An Analysis of the Character of Michael Munding’s Work

To classify Michael Munding as a painter, even a realistic painter, or a sculptor in the usual sense would not be appropriate because his work evades classification. Indeed, his work soon erraises the question whether it should even be considered part of the realm of art or the endeavor of an artist.

An important description of what he does would likely state the fact that his work is the realistic depiction of nothing unusual—things that can be found without even looking-, but that would confine it to just one level. At first glance what seems to be a simple, though saliant, quality with Munding is actually the result of complex reflexions upon human perception. Principle permeates his practice and he paints replicas of facsimiles. In other words, he copies imitations, paints the portrait of things so preselected and common that there’s no personal feeling left in them at all. Only the slight changes in scale, always enlargements, and the tiny modifications that suggest some private purpose of the artist, provide clues that Munding products are made by hand. That objects normally produced by machine like vacation ephemera and decorations can become original objects for imitation by a do-it-yourselfer is at the heart of Munding’s deliberations. His concept of workmanship seems founded upon a bottomless and constant need to reassure himself beyond a doubt that in an omnipotent world of regulation and standardization man can still arrange his surroundings to suit himself. Thus, in solitary manual labour he attains the appearance of perfection through an all-consuming process: investing an enormous amount of time and technical virtuosity while avoiding any trace of handwork. He paints his picture postcards with small brushes and lustruous colors on primed copperplates and then gives them several coats of shellack and a good polishing. For motifs and models he employs photographs, postcards and newspaper pictures, which, when duplicated in paint, convey an impression of reality at least as valid as that conveyed by the models themselves. Just as ironically as in exorably, Munding pursues the Re-Vision of a platonic idea about art: in the making of perfect, handcrafted reproductions (of reproductions..) it would be possible to regain an unprefabricated reality.

A further result of Munding’s reflections upon perception is his treatment of the surface: a high gloss shine turns it into a looking glass that throws the onlooker back, partially, upon himself. this effectively allows him to experience an awakening of the sense to beauty, and it occurs only after the work of art has been identified as the work of an artist and the onlooker has engaged himself in a dialogue. Thus, if it doesn’t involve the onlooker’s perception of himself, the perception of even the most realistic of picture-objects is faulty. If the onlooker is irritated by anything at all, it would likely be by the choice of motivs. These inevitably pose questions about the limits of taste that contain “art“.

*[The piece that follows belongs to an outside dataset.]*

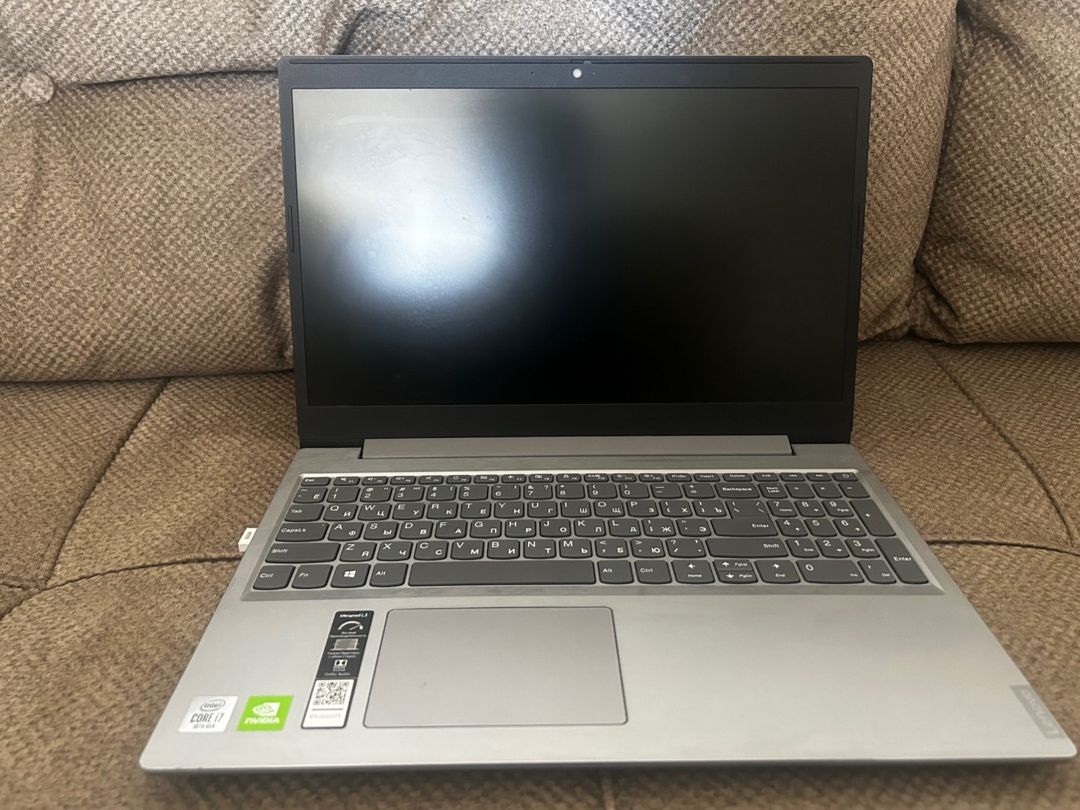 Lenovo IdeaPad — Elektronika, Bakı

Work, for Munding is not primarily the planned production of pieces for exhibition. In an era that makes a fetish of the art market, he would rather make art ”usable“ and even make some spheres of life unthinkable without it. For this reason, he chooses motivs whose power to stimulate the emotions is irresistable. When the leisure time, vacation and adventure industries use photographs to create illusions that often have nothing in common with reality, and when people snap blindly at such bait, then Munding’s mimicry of such illusions catches in a subversive way the social progress of repression. Don’t plastic trees in stuffy and sterile supermarkets encourage people to breath easier for a moment? And don’t presumably responsible animal lovers decorate their appartments with easy-to-care-for porcelaine fauna? Outstanding about Munding’s position as an artist are the drastic means he employs. Ultimately these are acts of compensation, which in the face of the likely failure of human doings, take an almost perverse form in performance— handcrafting one and only copies of mass-produced consumer items originally intended to help spread the spirit of optimism. To try to preserve fields of reality one by one by embalming each in shellack is practically absurd, but with Munding it has become a mania to rescue disappearing reality.Whether it be the counterfeit reality of nature as it steadily falls back on the defensive or the emotionally charged reality of personal memories that have become stereotyped—to try to restore is to create reality. In this attempt, a sin an act of pure creation, a new mini- cosmos originates and grows day by day. This endeavour, this “wanting-to-paint-the-picture-of-everything“ and the futility of it so typical of the times, is tantamount to, and therefore best classified as, pure Sisyphusphenomenon.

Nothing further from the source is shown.